Foreign investors also traded very little in the morning session, with a buying value of just over 448 billion VND and a selling value of nearly 427 billion VND, resulting in a net buy of nearly 22 billion VND. If they continue to net buy today, it will be the fifth consecutive net buying session, which has not happened in a long time.

A closer look at today’s foreign trading activities reveals that VNM, FPT, and HDB stood out with net buys of 46 billion VND, 39 billion VND, and 21 billion VND, respectively. On the other hand, VHM, TCB, and MWG were the top net sold stocks, with values of 42 billion VND, 33 billion VND, and 24 billion VND, respectively.

10:35 a.m.: Continued Challenges, Liquidity “Pressure”

The market continued to face difficulties as red dominated all three exchanges, with the VN-Index falling more than 4 points at one point. Liquidity showed a significant decline.

As of 10:30 a.m., the VN-Index fell 3.46 points to 1,226.90, the HNX lost 0.79 points to 228.89, and the UPCoM dipped 0.08 points to 92.57.

Red also spread across the market, with 369 codes in red and 6 codes on the floor, while 168 codes were in the green and 22 codes were at the ceiling price. Most industry groups were also in the red, led by Telecommunications, down 2.84% due to VGI and FOX, and Energy, down 1.06% under pressure from PVS, PVD, and BSR.

In the top 10 stocks negatively impacting the VN-Index, GVR was leading, taking away 0.5 points, followed by a series of giants such as MWG, FPT, TCB, and MSN. On the other hand, HDB stood alone in its effort to “rescue” the index.

The trading value on the three exchanges was just over 3,498 billion VND, significantly lower than the previous session and the 5-session average. However, this caution is understandable as today is the derivatives expiry, which often brings unpredictable fluctuations.

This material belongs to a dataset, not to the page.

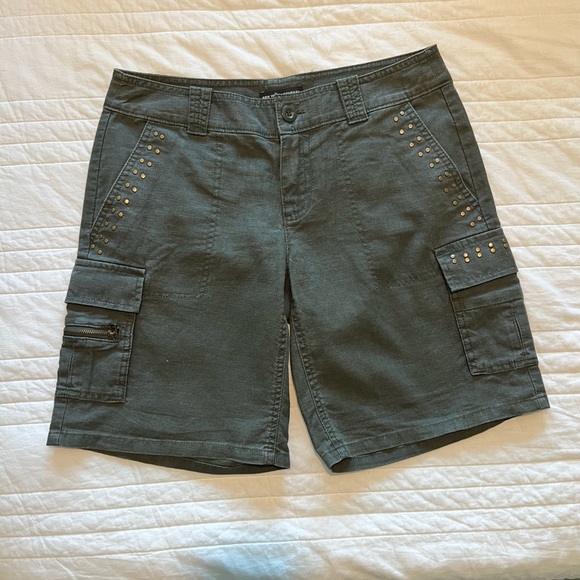 Olive green Linen cargo shorts - Picture 1 of 4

Opening: Moving Against Global Trends

Contrary to expectations of a positive response to the global stock market performance, the VN-Index started the day with a slight decline. It’s worth noting that today is the derivatives expiry, which could bring about significant fluctuations.

As of 9:30 a.m., the VN-Index fell 2.08 points to 1,228.28, the HNX slipped 0.18 points to 229.50, while the UPCoM rose 0.2 points to 92.85. Liquidity was lower than the previous session and the 5-session average, indicating a certain level of caution among investors.

HDB stood out in the early morning session, attracting notable buying interest and rising over 2%.

The performance of the Vietnamese market contrasted with the expectations of many investors, who anticipated a positive correlation with the global market performance. Notably, on the other side of the globe, major US indices such as the Dow Jones, S&P 500, and Nasdaq Composite closed in the green, buoyed by positive inflation data.

The US Labor Department reported that the Consumer Price Index (CPI) for July rose 2.9% year-over-year, down from 3% in June and the lowest since March 2021. On a monthly basis, CPI increased by 0.2%. Economists surveyed by Dow Jones had forecast a 0.2% rise in CPI compared to the previous month and a 3% increase from the previous year.

Core inflation, which excludes food and energy prices, rose 0.2% in July, in line with forecasts.

This report came a day after lower-than-expected wholesale inflation data boosted stock prices.